I don’t have to look hard for the signs of a budding spring. I can already see them. The tiny appendages that will soon grow into leaves dot the end of each branch, and the cherry blossoms on our tiny trees have already bloomed. In places, they echo the snow that for some reason has left us alone this year. It is 7:30 and full daylight. The day looks inviting… until you open the door and say, “Sweet Jesus! It is only 30 degrees!” It’s enough to send me climbing back under the covers… but I don’t, because there is too much work to be done and too much to think about to waste time sleeping.

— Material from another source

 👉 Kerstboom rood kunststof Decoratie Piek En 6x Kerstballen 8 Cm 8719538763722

Friday alone blew my mind in terms of news. Expecting a phone call about my impending move to Japan, I answered my obscenely old cell at work only to hear a strange voice. “Amanda?”

“What?”

“Amanda?”

“…I’m sorry. Who is this?”

It turned out to be a friend of mine I haven’t heard from in two months.

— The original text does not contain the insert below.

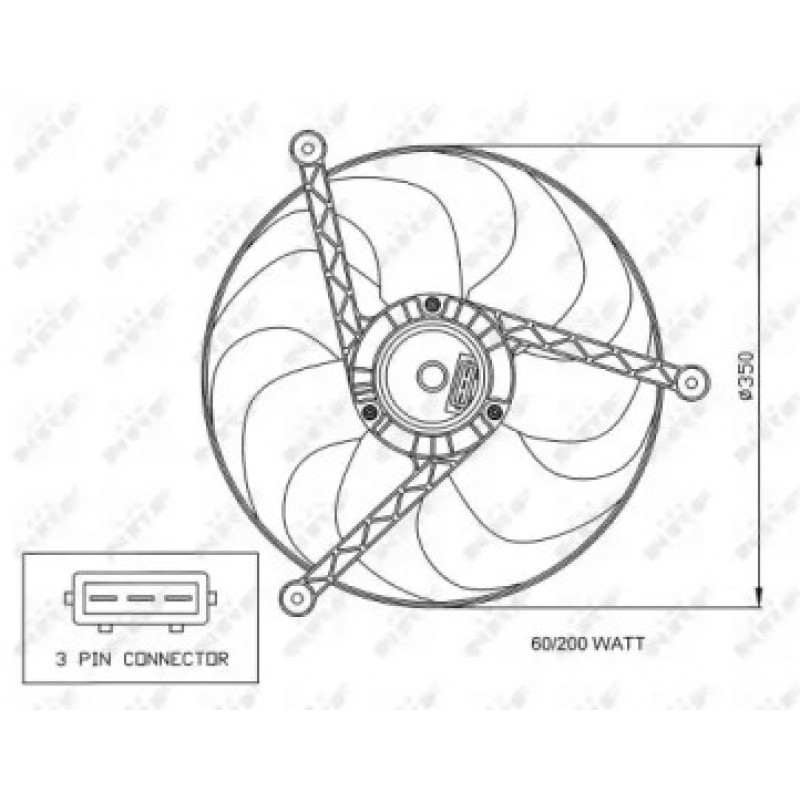 Вентилятор радиатора (электрический) VW Sharan 1.9/2.0 TDI 95-10 (47057)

“I’ve got some news for you.”

“Oh?”

“Yeah.” She paused. “Guess who’s going to be a Godmother?”

I’ve spent my whole life hating children… namely children that can’t behave, so I guess I’ve really spent my life hating parents that can’t take time out of their busy Farmville schedules to raise their kids. Determined not to have children of my own, I can’t help but look forward to the prospect of being able to sugar what (or is it who at this point?) I now call “the little bean” up and send him/her home to his/her parents. “That’s fine,” the expectant mother told me. “But no noise toys.”

“Exactly. Sugar wears off, but that noise maker will be there for months until daddy ‘accidentally’ steps on it.”

On the exact opposite end of the “awesome” spectrum, my friend lost her cat this past week. Although the cat was ailing, she was not given the opportunity to give her feline companion a fond farewell. Instead, her parents stupidly put the cat down without her input and then acted like it was a big secret. Now, as someone who lost a nineteen-year-old cat just after learning that I obtained a graduate assistantship, I can honestly say that that is grounds for never speaking to someone again. Ever. There are three things people should never come between in life: a woman and her food, a woman and her work, and a cat and its person. People are serious about their cats… and about their friends. Case and point: I am angry, and it isn’t even my cat.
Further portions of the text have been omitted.